⟨

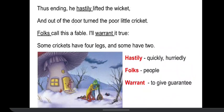Next stanza: 'He hastily lifted the wicket, and out of the door turned the poor little cricket. Folks call this a fable. I'll warrant it true. Some crickets have four legs, and some have two.'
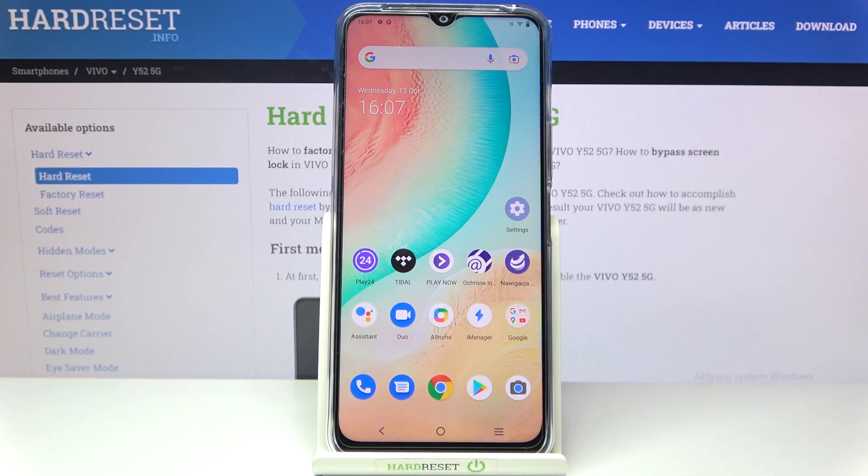Hi everyone, in front of me I've got a Vivo i52 5G and let me share with you how to turn off running apps on this device.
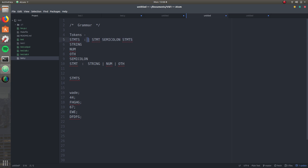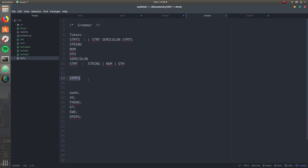That empty option is a super important step. If you guys are taking any programming or computer science classes, there's going to be something called epsilon — that's what they're talking about. It means empty, nothing there. Now when the parser goes all the way down, it checks for statement and semicolon, then checks if there's another statement. And when it finds it's empty, you're completely done with the grammar. This table is what the computer uses to traverse through all the tokens.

⟩

### TO DO
Could you copy the listing exactly, leaving out any pictures?

### RESPONSE
Next stanza: 'He hastily lifted the wicket, and out of the door turned the poor little cricket. Folks call this a fable. I'll warrant it true. Some crickets have four legs, and some have two.'
Hi everyone, in front of me I've got a Vivo i52 5G and let me share with you how to turn off running apps on this device.
That empty option is a super important step. If you guys are taking any programming or computer science classes, there's going to be something called epsilon — that's what they're talking about. It means empty, nothing there. Now when the parser goes all the way down, it checks for statement and semicolon, then checks if there's another statement. And when it finds it's empty, you're completely done with the grammar. This table is what the computer uses to traverse through all the tokens.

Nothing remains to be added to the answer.